HOUSE OF REPRESENTATIVES ELECTORAL TRIBUNAL (HRET) and AUGUSTO L. SYJUCO, JR., respondents.

D E C I S I O N

FRANCISCO, J.:

Congressional candidate private respondent Augusto L. Syjuco, Jr., filed an election protest before public respondent House of Representatives Electoral Tribunal (HRET) five days after the Makati board of canvassers proclaimed petitioner Joker P. Arroyo the duly elected congressman for the lone district of Makati in the May 11, 1992 synchronized national and local elections. Essentially premised on alleged irregularities/anomalies in the tabulation and entries of votes and massive fraud, private respondent Syjuco sought the revision and recounting of ballots cast in 1,292 out of the total 1,714 precincts of Makati from which result he aimed to be declared as the duly elected congressman of Makati. Petitioner filed a counter-protest questioning the residence qualification of private respondent Syjuco, but the same was dismissed by public respondent HRET.

As prayed for by private respondent, revision of the ballots was undertaken, but not without serious irregularities having been unearthed in the course thereof. Tasked by public respondent HRET to investigate on the matter, now retired Supreme Court Justice Emilio Gancayco confirmed the irregularities and anomalies engineered by some HRET officials and personnel.1 The findings contained in Justice Gancayco’s Report and Recommendation were aptly summarized in the “Dissenting Opinion” of Justice Bidin in this wise:

In his Report and Recommendation, Justice Gancayco found, in essence, that the respondent HRET employees, while taking advantage of their official authority and control over the operational details of the revision of ballots, and for corrupt motives, subverted the revision exercise in at least three (3) protest cases, including this case (HRET Case No. 92-019), by maintaining a pool of individuals subject to their control which were offered or foisted upon party litigants as their revisors. Once functioning as party-revisors, these individuals implemented instructions given by the respondent HRET employees to pilfer, dump (i.e., place ballots voted for one party with other ballots which do not indicate votes for either party such as unclaimed, stray, spoiled or unused ballots, or ballots for other candidates), and mark (in order to spoil) or fill-in ballots of one or the other of the litigants.

At the core of Justice Gancayco’s findings and evaluation are protested precincts in this case which exhibited cases of dumping, consistent reduction in Arroyo votes, falsification of revision reports and pilferage of ballots, as testified on by the prosecution witness, principally, Atty. William Chua and Mr. Ritchillier M. Matias.2

On this point, Justice Gancayco declared:

. . . Arroyo votes were consistently reduced at the revision and the deducted votes were found and included in the stray ballots, while Syjuco was always constant and “there were instances where ballots were deducted from the protestee (Arroyo)” and that “another modus operandi is to falsify the revision reports by intercalation, false entries or simply switching of true results of the counting. Congressman Joker Arroyo is the classic victim of this unlawful exercise.”3

At or about the time the revision was completed and with three precincts left unaccounted for, private respondent Syjuco moved for the withdrawal of these remaining unrevised protested precincts on the ground that he has presumably overtaken petitioner Arroyo’s lead of 13,559 votes.
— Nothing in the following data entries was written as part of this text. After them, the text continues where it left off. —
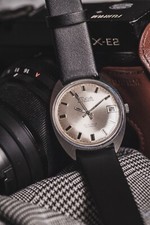 Elvia white elegant VINTAGE watch perfectly WORKING German AUTOMATIC movement 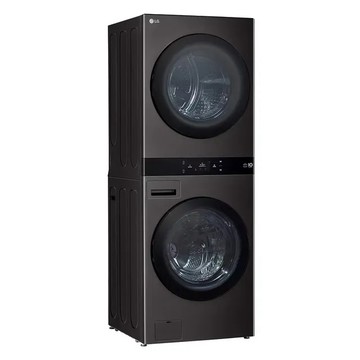 LG 22公斤+20公斤 WashTower AI 智控熱泵除濕洗乾衣機 WD-S2220B 尊爵黑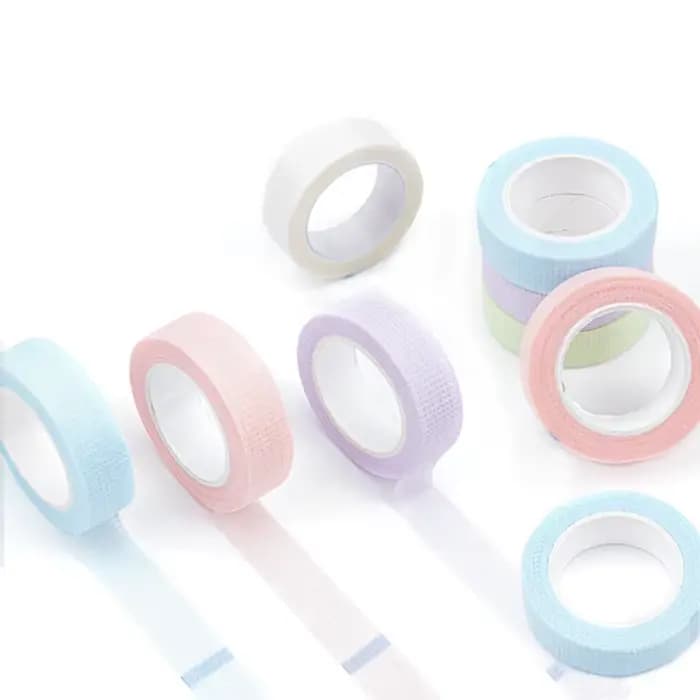 Ruban adhésif pour extension de cils, 10 rouleaux, non tissé, respirant, coussinets sous les yeux, a
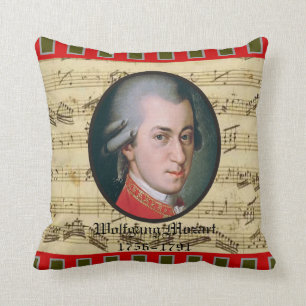 Wolfgang Mozart Music Pillow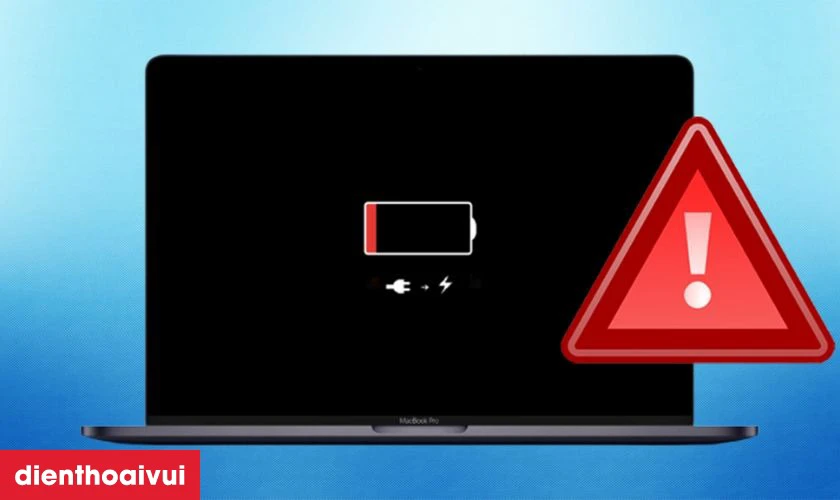 Macbook không kết nối sạc được là dấu hiệu cần lưu ý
With neither private respondent Syjuco nor petitioner Arroyo availing of their right to move for a technical examination after completion of revision, as provided for under Rules 42-49 of the HRET Rules, reception of their respective evidence followed.

Private respondent’s evidence were all documentary and voluminous at that consisting of over 200,000 pages. These exhibits, however, and which private respondent as well as public respondent HRET4 does not seriously dispute are in general, “mere photocopies and not certified or authenticated by comparison with the original documents or identification by any witness . . . .”5 and were formally offered by merely asking that they be marked. On the other hand, petitioner’s evidence consisted of certified true copies of the Revision Reports and election returns.6 Despite the vigorous objection raised by petitioner with respect to the admission of and the probative value of private respondent’s exhibits, public respondent HRET admitted the evidence for whatever they may be worth.7

Thereafter, pursuant to Rule 66 of the HRET Rules,8 petitioner and private respondent filed their respective memoranda simultaneously. In his memorandum cum addendum, private respondent veered away from his original posture that his protest should be decided on the basis of a revision and recounting of ballots, and instead called upon public respondent HRET to decide the case on the basis of what private respondent himself expressly admits as a “truly innovative and NON-TRADITIONAL process” — the PRECINCT-LEVEL DOCUMENT-BASED EVIDENCES. Private respondent thus averred, among others, that:

2.3. Scope and Emphasis of the Instant Protest case.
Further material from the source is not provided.